Colin Kaepernick‘s collusion case against the NFL could have one very significant collateral impact on the NFL. The evidence Kaepernick generates in his effort to prove a concerted effort to keep him out of football could be used by other players also deemed to be undesirable due to pregame political activities.
Kaepernick’s former San Francisco teammate, safety Eric Reid, who initially provided support to Kaepernick during his anthem protests and who more recently criticized the deal struck between the league and some of the protesting players to end the anthem demonstrations, could be the first one to piggyback on the work product of Kaepernick’s collusion case.
Even if Reid was never mentioned by name in any of the text messages or email exchanges that may prove a league-office-led campaign to keep Kaepernick out of the NFL, the basis for the shunning of Kaepernick applies with nearly equal force to Reid. Yes, multiple other players who protested remain gainfully employed. But Reid, like Kaepernick, had a higher level of visibility and Reid, via his vocal objection to the deal struck between the league and other protesting players (and his comments regarding the sources of the money devoted to social justice programs), surely created a greater degree of frustration for the NFL than other protesting players.

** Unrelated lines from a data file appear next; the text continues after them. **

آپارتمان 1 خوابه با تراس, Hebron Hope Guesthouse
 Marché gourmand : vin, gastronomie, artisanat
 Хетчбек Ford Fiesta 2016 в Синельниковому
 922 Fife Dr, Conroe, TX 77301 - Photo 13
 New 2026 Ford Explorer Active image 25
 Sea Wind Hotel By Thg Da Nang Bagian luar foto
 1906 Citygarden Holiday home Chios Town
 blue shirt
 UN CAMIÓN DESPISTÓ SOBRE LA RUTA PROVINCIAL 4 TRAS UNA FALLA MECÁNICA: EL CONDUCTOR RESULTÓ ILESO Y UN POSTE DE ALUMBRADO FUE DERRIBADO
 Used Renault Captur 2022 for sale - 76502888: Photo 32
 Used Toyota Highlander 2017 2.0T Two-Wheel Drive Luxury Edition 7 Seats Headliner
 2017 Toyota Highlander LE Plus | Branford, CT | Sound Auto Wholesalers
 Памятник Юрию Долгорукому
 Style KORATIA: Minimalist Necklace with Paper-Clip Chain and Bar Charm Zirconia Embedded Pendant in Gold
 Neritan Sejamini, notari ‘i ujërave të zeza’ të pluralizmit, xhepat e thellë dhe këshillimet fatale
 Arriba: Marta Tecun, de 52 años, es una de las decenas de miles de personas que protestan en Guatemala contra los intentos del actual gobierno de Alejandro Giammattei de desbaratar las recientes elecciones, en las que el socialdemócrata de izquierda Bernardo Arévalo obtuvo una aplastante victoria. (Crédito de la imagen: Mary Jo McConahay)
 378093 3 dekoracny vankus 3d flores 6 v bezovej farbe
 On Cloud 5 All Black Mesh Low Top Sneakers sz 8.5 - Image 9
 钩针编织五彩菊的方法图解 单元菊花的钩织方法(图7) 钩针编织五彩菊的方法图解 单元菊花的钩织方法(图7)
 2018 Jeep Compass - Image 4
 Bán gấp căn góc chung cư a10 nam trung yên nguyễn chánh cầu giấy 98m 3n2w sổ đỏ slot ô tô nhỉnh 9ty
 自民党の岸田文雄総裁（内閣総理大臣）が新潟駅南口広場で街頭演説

The fact that Reid now says he doesn’t plan to protest doesn’t matter; the damage already has been done. Moreover, teams may fear that, once he has another NFL job, Reid may change his mind. Also, the fact that he was so intimately involved in past protests (and the fact that his activities are deemed to be a factor in his search for work) could put him into the dreaded “distraction” category, where on-field ability takes a backseat to off-field propensity to create unwanted lines of questioning for other players and coaches.